The thought that terrified me most when I was a teenager was that I would die before I figured out why I was alive in the first place. Premature deaths were uncommon, but I knew they happened, sometimes even close to home.

In 1973, just after I graduated from high school, our family friends' daughter was killed while driving home after her freshman year of college. What made her death more chilling were the words my mother repeated for many years after it. She said the girl's parents were haunted by one thought: If only she had forgotten something and gone back for it . . .

Our neighbors' daughter was murdered

Sixteen years later, our neighbors' teenage daughter, their only child, was murdered in their backyard by her friend—an unspeakable horror. Shortly after it happened, Rabbi Sholom Lipskar, a rabbi who had made a profound impact on me and my husband, came to speak in Pittsburgh. We knew that if anyone could offer the couple support, Rabbi Lipskar could, so we asked him if he would be willing to pay a condolence call.
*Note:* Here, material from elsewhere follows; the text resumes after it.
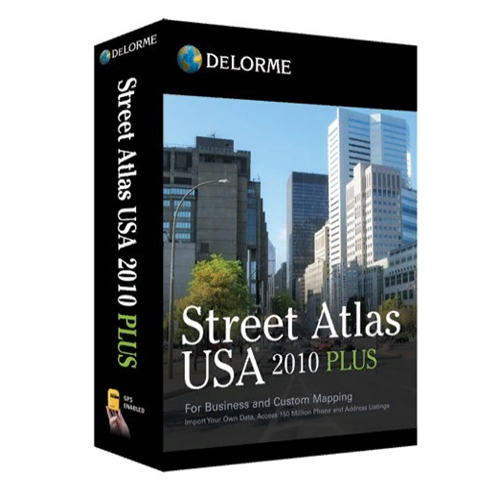 DeLorme Street Atlas USA 2010 Plus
I wasn't at their meeting, but apparently it was a meaningful visit; years later, the couple included it in the book they wrote about the events surrounding their daughter's death.
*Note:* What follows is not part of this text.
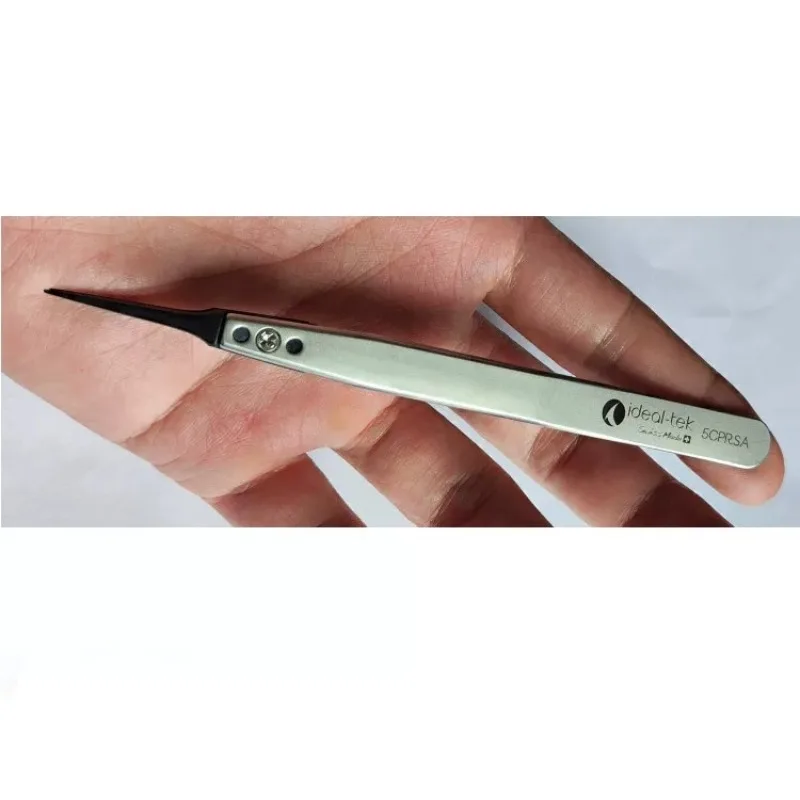 Laboratory research chip Microelectronic chip Lens clip, original imported ESD anti-static forceps tip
Rabbi Lipskar told them that their daughter was only destined to be on this earth until the very moment when she left it. Nothing could have changed that reality.

Everyone has preordained expiration dates. There's no place for "If only . . ."
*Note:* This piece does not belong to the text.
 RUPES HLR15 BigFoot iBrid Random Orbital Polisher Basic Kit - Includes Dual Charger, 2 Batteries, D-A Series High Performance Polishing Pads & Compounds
What I'm pondering is this: Could the extreme pain and sense of indignation that many are feeling these days about death (this is too much, it's not supposed to be this way) reflect how close we are to the arrival of Moshiach, when death as we know it will leave this world and it really won't be this way?

Could this be because our souls feel, sense, know that immortality is within reach? In my own lifetime, 60 went from being old to being middle-aged!

Previous generations accepted early demises as a given, occurring as early as infancy. Death was very much interwoven with life. And as Jews, our ancestors understood the risk of dying at the hands of an anti-Semite as a fact of life. Pogroms happened.

Today, thank G‑d, for the most part, that is not our reality. We feel entitled to long and healthy years, and in general that is what G‑d wants for us as well.

There's just one little hitch.

Long and healthy years are not an end unto themselves. G‑d wants us to acknowledge that our very life—and everything in life—is Him and only Him. And then, of course, He wants us to behave accordingly.

But G‑d also created a paradox. In order to preserve our freedom of choice, He has hidden Himself in nature and made us feel that we exist on our own, separately from Him.

Despite this, He asks us to transform our lives from a self-centered, physical existence to a G‑d-centered one. This is my answer to my teenage question about the purpose of life. As demanding as the work is, it is still far better than not knowing why I'm here.

Although sometimes, I'm not sure. BecauseHe asks us to transform our lives knowing what I know makes it harder to live with the painful reality of this world, that Moshiach is coming very soon but he’s not here yet. Now I know it's not supposed to be this way.

The Lubavitcher Rebbe himself, Rabbi Menachem Mendel Schneerson, of righteous memory, couldn’t understand why Moshiach had not yet arrived; far be it from me to ask what has taken so long. But every day that passes means his arrival is closer, not further away. Perhaps the reason we are experiencing the pain of death so deeply is that our Jewish souls feel, sense, know that eternal life is imminent.

What better time than now for us to ask G‑d to send Moshiach, so we can have our loved ones returned, so we all can finally experience life the way it’s supposed to be, eternally?